In Serre's "A Course in Arithmetic"(page $84$) he mentions that the Laurent series of the Weierstrass function $$\wp_{\Gamma}(u)= \frac{1}{u^2} + \sum_{\gamma \in \Gamma}(\frac{1}{(u-\gamma)^2} - \frac{1}{\gamma^2})$$ is given by $$(1)\qquad \frac{1}{u^2} + \sum_{k=2}^{\infty}(2k-1)G_k(\Gamma)u^{2k-2}$$ where $G_k(\Gamma)$ is the Eisenstein series of weight $2k$, and $\Gamma$ a lattice in $\mathbf{C}$.
I am attempting to prove that this is in fact the case, and have considered expanding $\frac{1}{(u-\gamma)^2} - \frac{1}{\gamma^2}$ as $\frac{1}{\gamma^2}\frac{1}{(1-\frac{u}{\gamma})^2} - \frac{1}{\gamma^2} = \frac{1}{\gamma^2}(\sum_{k=1}^{\infty}(k+1)(\frac{u}{\gamma})^k) = \sum_{k=1}^{\infty}(k+1)(\frac{u^k}{\gamma^{k+2}})$. Hence I am left with:
$$\frac{1}{u^2} + \sum_{\gamma \in \Gamma}(\sum_{k=1}^{\infty}(k+1)(\frac{u^k}{\gamma^{k+2}}))$$ Now in attempting to make this look like (1), I feel like this involves some tricky manipulation of the series to get $G_k(\Gamma)$, but I am not sure how to proceed.
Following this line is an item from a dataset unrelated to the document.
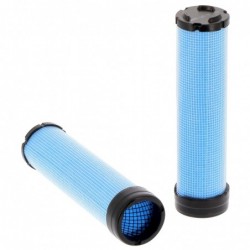 Hifi SA16300 AIR FILTER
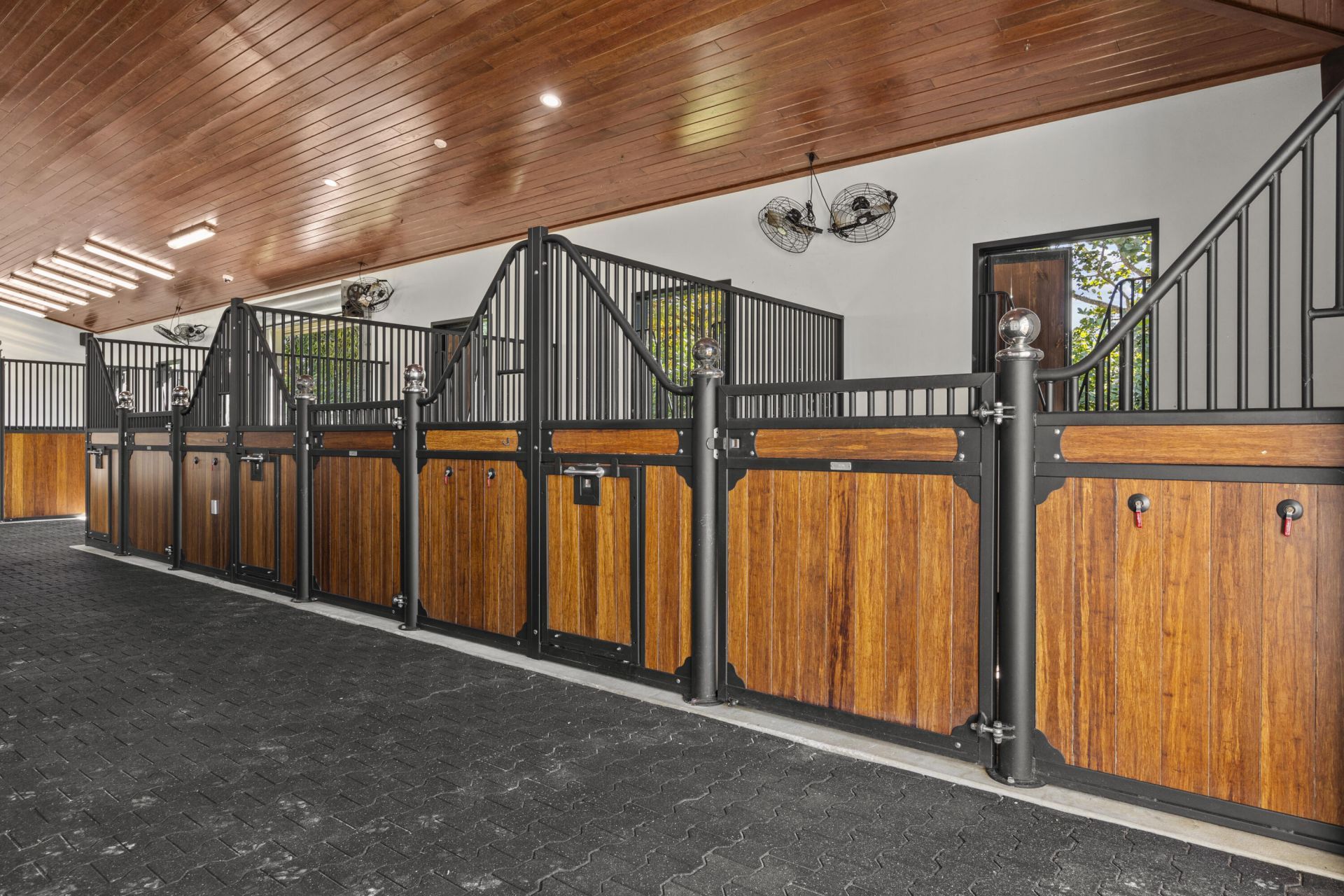 1782 Clydesdale Avenue, Wellington, FL 33414 Photo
Any hints would be greatly appreciated.
What you can do is reverse the order of the sums since the series is absolutely convergent to obtain that:
$$\frac{1}{u^2} + \sum_{\gamma \in \Gamma}(\sum_{k=1}^{\infty}(k+1)(\frac{u^k}{\gamma^{k+2}})) = \frac{1}{u^2} + \sum_{k=1}^{\infty}(k+1)(\sum_{\gamma \in \Gamma}(\frac{u^k}{\gamma^{k+2}}))$$ then factor out the $u^k$ to get:
$$\frac{1}{u^2} + \sum_{k=1}^{\infty}(k+1)(\sum_{\gamma \in \Gamma}(\frac{1}{\gamma^{k+2}}))u^k = \frac{1}{u^2} + \sum_{k=1}^{\infty}(k+1)G_k(\Gamma)u^k$$ We know that modular forms of odd weight are zero, and hence our sum becomes:
$$\frac{1}{u^2} + \sum_{k=2}^{\infty}(2k-1)G_k(\Gamma)u^{2k-2}$$ as desired.